If the period from its formation to World War I had been one of almost uninterrupted growth, the inter-war years was a more troubled time and output never regained its former levels. The First World War was a major disruption. A quarter of its workforce joined the military, affecting production. On the sales side, half of its coal output had been exported and this halved by the end of 1915. In March 1916, the government took control of all the collieries in the county and this was not relinquished until after the war. In 1920 the coal industry hit a “high wave of prosperity” with “exports at unprecedented prices”. This was short-lived and 1921 saw a slump in prices; coal owners lost money and pressurised miners to accept lower wages, leading to a national dispute. “Fife collieries suffered badly at the hands of the extremists” as even safety men were called out. Pumping was suspended and the damage from flooding meant that some pits took months to recover after the ending of the dispute. Fife Coal's output fell by a million tons.

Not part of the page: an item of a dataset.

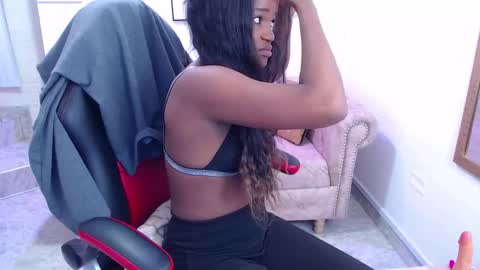 Snapshot of cattalheya chatting on 11/07/25, 12:38 Catta online show from 11/07/25, 12:38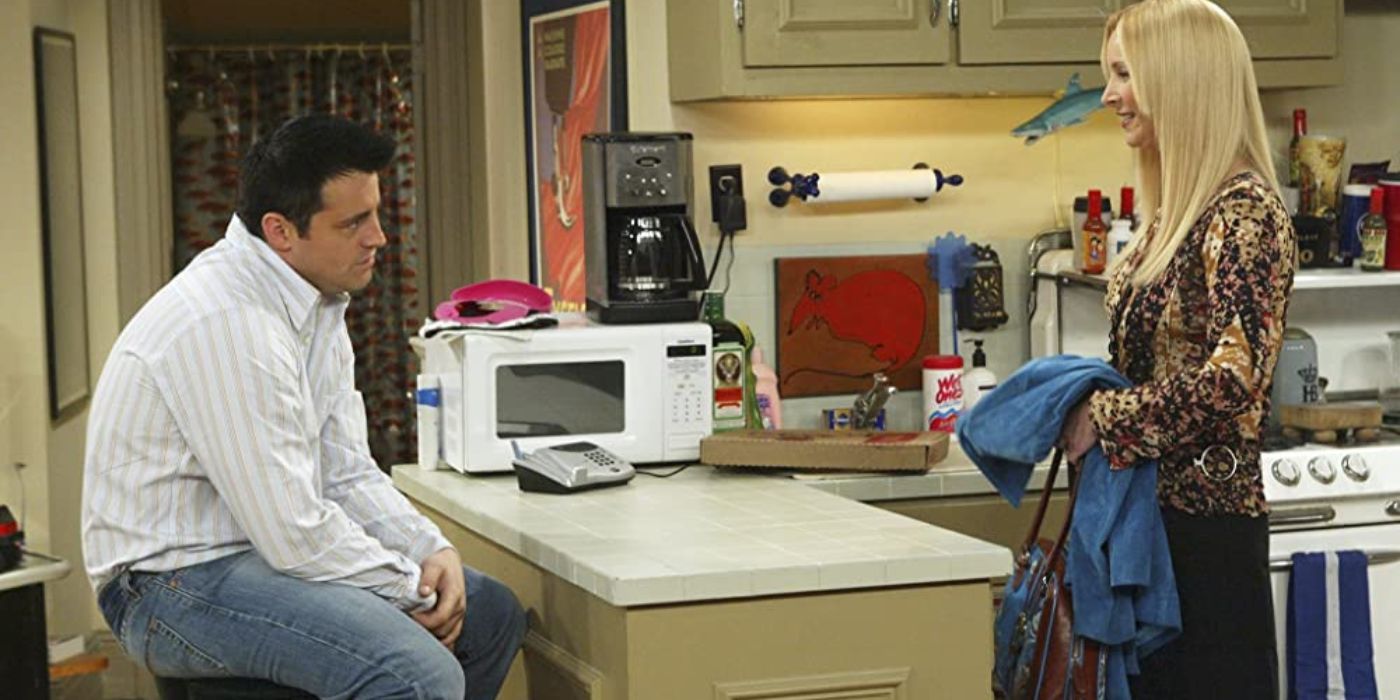 Joey dan Phoebe berbicara di apartemennya di Friends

Charles Carlow died in January 1923, succeeded by Augustus Carlow as managing director. But there was no immediate change to the company's expansionary plans. In that same year, the Earl of Rosslyn’s collieries, with a potential output of 500,000 tons, was bought, followed by Oakley Collieries in 1924. That proved to be the last purchase. The British coal industry faced increasing problems in its export markets in the face of competition from France, Germany and Poland, all with lower wages. The lack of competitiveness was exacerbated in April 1925 by the return to the gold standard at a high valuation for sterling. Fife Coal itself was losing money and the pressure on the miners to accept lower wages culminated in the miners strike at the beginning of May 1926. Two days later the TUC called a general strike in support of the miners. After nine days the general strike was called off but the miners struggled on until November.

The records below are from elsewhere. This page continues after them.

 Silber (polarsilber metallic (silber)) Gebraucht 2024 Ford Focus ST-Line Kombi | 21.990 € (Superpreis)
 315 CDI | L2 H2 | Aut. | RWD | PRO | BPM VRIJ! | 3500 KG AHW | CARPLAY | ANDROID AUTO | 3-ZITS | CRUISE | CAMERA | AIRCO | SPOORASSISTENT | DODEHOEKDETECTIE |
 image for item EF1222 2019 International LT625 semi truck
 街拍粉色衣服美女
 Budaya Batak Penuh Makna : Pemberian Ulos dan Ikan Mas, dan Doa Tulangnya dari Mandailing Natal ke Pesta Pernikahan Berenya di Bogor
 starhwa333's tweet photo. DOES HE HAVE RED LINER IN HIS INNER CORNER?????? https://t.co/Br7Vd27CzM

Fife Coal was still losing money well into 1927 but foreign competition began to wane and in 1929 exports reached 2.5m tons out of total output of almost 4m. tons – the highest since 1913. This did not last long and the start of the depression in 1930 led to pit closures and a substantial fall in profits. There was a recognition that the company needed to operate on more productive seams. Work began in 1935 at Comrie with belief that it could produce 1m tons a year. (It eventually came on stream in 1940). WWII meant the almost total loss of the company's export markets. On the advent of peace, there was a substantial recovery of output to 3m tons in 1946, and the Fife Coal Company claimed to be the largest coal mining company in Scotland. Long-term plans were for an ambitious increase in output to 6.25m. tons by the early 1960s but this was soon overtaken by the nationalisation plans of the Labour Government. On the last day of 1946 the company was disestablished and the mining property and assets of Fife Coal were transferred to the National Coal Board the next day. The company was wound up in 1952.